How do you know if you’re a good boss or a bad boss? A few years ago, Google’s People Operations group unveiled the results of a two-year study into what separates bad bosses from good bosses in their own company. They performed extensive data analysis on performance reviews, feedback surveys, and nominations for top-manager awards. They came up with eight behaviors that distinguished the best bosses at Google. How do you stack up against this list?
1. Be a good coach
- Provide specific, constructive feedback, balancing the negative and the positive.
- Have regular one-on-ones, presenting solutions to problems tailored to your employees’ specific strengths
2. Empower your team and don’t micromanage
- Balance giving freedom to your employees, while still being available for advice. Make “stretch” assignments to help the team tackle big problems.
3. Express interest in team members’ success and personal well-being
- Get to know your employees as people, with lives outside of work.
- Make new members of your team feel welcome and help ease their transition.
4. Don’t be a sissy: Be productive and results-oriented
- Focus on what employees want the team to achieve and how they can help achieve it.
- Help the team prioritize work and use seniority to remove roadblocks.
5. Be a good communicator and listen to your team
- Communication is two-way: you both listen and share information.
- Hold all-hands meetings and be straightforward about the messages and goals of the team. Help the team connect the dots.
- Encourage open dialogue and listen to the issues and concerns of your employees.
6. Help your employees with career development
- Be a mentor and advocate for career growth.
- Help people develop their skills so they are better positioned for new opportunities.
7. Have a clear vision and strategy for the team
- Even in the midst of turmoil, keep the team focused on goals and strategy
- Include the team in setting and evolving the team’s vision and making progress toward it.
8. Have key technical skills so you can help advise the team
- Roll up your sleeves and conduct work side by side with the team, when needed.
- Understand the specific challenges of the work.

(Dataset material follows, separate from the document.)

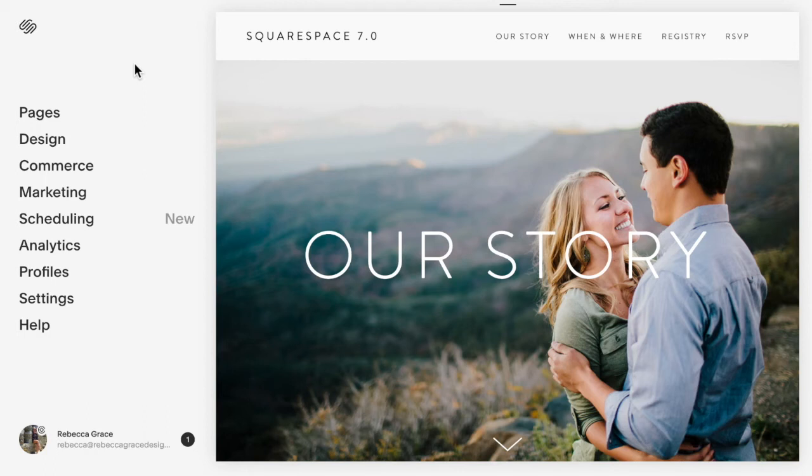Hello everyone, my name is Rebecca Grace and I'm a Squarespace expert and website designer. Today we're going to be talking about changing the hamburger button color in both Squarespace 7.0 and 7.1.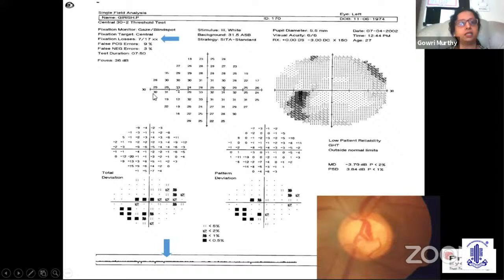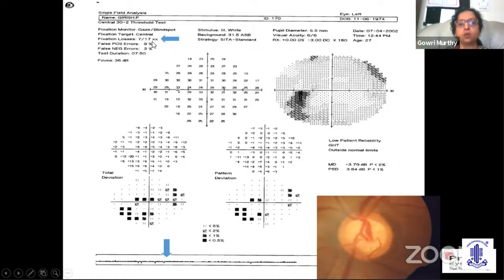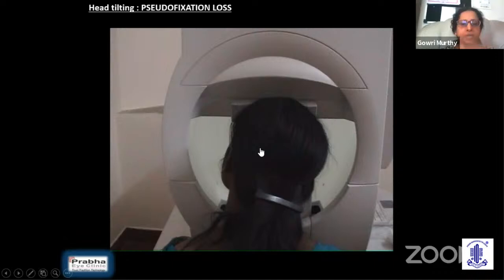Here the fixation losses are marked as 7 by 17, and the field has been marked as low patient reliability. But if you look at the gaze tracking, the infrared tracking shows that the upward deflections indicating eye movement are practically very small — the patient actually maintained fixation. Why does this happen? As the test was going on, the patient started to tilt her head, so the blind spot moved. What was initially marked as the blind spot had now moved, and therefore this is a pseudo fixation loss. The patient's head should be central and straight.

Kind of a no-brainer list, huh? It reinforces the idea that leaders can make tremendous strides by simply following the basics: Be interested in your folks, help them achieve their goals, provide the resources and support they need and get out of their way, communicate and share information, and have a vision for where the team needs to go.
Hopefully you’re a good boss and these behaviors are already part of your repertoire. If they aren’t, don’t worry. They’re all things that are very much under your control and you can incorporate them into your leadership practices. After all, you don’t want to be a bad boss. Bad bosses are ugly.